**WORK TO COMPLETE:** Look through the data below, and copy each line that carries the word "suit".

**MATERIAL SUPPLIED:**

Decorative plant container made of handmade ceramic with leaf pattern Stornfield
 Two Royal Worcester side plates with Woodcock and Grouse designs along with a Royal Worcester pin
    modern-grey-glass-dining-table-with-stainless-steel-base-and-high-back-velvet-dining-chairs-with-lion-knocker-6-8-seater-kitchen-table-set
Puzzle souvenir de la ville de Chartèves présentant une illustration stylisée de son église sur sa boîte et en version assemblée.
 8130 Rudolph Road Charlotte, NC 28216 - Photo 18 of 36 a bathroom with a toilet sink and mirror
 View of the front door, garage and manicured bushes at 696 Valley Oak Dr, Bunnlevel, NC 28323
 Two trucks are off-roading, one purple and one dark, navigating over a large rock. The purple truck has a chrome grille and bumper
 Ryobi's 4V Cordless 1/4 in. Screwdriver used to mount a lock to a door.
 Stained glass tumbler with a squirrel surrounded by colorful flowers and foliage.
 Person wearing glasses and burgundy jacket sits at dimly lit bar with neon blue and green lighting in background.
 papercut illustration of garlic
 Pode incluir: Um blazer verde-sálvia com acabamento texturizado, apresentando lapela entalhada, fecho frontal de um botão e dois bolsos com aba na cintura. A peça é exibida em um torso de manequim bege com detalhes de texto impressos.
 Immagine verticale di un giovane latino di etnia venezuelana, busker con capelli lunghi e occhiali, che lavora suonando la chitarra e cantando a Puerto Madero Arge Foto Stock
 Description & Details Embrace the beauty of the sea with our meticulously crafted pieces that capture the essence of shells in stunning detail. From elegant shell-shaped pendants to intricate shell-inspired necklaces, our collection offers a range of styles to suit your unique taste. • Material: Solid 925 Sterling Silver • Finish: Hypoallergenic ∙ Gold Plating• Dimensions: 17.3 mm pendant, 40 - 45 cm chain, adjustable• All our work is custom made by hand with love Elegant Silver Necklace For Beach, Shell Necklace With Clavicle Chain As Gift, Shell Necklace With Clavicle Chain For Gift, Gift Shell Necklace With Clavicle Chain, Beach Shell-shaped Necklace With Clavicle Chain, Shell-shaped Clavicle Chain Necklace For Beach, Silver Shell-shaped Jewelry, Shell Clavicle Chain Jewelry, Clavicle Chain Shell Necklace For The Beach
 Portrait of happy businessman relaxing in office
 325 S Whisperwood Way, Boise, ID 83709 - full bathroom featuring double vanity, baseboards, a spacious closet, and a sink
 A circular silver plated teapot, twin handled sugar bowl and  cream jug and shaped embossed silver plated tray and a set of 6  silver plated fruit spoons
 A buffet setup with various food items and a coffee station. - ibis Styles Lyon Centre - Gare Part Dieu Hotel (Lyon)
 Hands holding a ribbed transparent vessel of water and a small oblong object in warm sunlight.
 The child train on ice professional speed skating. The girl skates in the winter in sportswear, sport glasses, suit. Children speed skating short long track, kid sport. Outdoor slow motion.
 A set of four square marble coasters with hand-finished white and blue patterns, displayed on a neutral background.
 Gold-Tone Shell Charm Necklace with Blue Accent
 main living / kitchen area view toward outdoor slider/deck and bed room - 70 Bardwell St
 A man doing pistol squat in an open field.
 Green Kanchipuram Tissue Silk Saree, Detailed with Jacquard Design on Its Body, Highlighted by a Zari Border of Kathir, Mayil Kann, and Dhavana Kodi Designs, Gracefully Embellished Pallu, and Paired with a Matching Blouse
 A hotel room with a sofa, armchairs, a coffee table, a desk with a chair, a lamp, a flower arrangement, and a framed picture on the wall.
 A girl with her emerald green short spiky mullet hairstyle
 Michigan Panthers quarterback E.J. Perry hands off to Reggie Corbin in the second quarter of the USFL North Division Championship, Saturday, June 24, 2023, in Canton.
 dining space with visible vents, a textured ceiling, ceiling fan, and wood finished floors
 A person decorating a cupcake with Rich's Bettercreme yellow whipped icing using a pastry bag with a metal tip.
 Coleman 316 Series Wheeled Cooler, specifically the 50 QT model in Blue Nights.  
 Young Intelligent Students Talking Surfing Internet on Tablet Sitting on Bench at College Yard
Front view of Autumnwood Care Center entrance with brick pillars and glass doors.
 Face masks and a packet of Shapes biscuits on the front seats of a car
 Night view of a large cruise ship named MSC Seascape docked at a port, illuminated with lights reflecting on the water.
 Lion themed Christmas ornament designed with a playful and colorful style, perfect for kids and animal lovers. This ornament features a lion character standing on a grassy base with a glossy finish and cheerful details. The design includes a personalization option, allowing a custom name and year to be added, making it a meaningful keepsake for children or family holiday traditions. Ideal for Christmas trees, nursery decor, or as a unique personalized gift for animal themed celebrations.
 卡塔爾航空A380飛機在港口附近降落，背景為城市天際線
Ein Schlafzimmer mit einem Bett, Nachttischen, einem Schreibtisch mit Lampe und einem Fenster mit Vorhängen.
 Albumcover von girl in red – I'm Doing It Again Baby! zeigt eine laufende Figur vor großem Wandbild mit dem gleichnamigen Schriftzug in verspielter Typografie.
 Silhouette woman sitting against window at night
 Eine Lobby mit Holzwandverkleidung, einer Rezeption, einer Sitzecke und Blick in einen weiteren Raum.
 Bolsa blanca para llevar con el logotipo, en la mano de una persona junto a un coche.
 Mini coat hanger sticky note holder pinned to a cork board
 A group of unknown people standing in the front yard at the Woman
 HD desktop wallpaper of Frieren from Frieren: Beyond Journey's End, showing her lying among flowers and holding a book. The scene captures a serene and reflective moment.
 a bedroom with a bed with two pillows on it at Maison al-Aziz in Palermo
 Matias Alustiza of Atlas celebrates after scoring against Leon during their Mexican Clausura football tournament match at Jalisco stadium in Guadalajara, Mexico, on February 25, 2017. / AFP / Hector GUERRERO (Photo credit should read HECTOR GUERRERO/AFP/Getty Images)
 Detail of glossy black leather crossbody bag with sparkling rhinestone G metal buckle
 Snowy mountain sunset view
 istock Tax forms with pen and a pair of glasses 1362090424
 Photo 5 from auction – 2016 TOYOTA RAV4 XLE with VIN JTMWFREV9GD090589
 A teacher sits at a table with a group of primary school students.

**SOLUTION FOR THIS TASK:**
 Description & Details Embrace the beauty of the sea with our meticulously crafted pieces that capture the essence of shells in stunning detail. From elegant shell-shaped pendants to intricate shell-inspired necklaces, our collection offers a range of styles to suit your unique taste. • Material: Solid 925 Sterling Silver • Finish: Hypoallergenic ∙ Gold Plating• Dimensions: 17.3 mm pendant, 40 - 45 cm chain, adjustable• All our work is custom made by hand with love Elegant Silver Necklace For Beach, Shell Necklace With Clavicle Chain As Gift, Shell Necklace With Clavicle Chain For Gift, Gift Shell Necklace With Clavicle Chain, Beach Shell-shaped Necklace With Clavicle Chain, Shell-shaped Clavicle Chain Necklace For Beach, Silver Shell-shaped Jewelry, Shell Clavicle Chain Jewelry, Clavicle Chain Shell Necklace For The Beach
 The child train on ice professional speed skating. The girl skates in the winter in sportswear, sport glasses, suit. Children speed skating short long track, kid sport. Outdoor slow motion.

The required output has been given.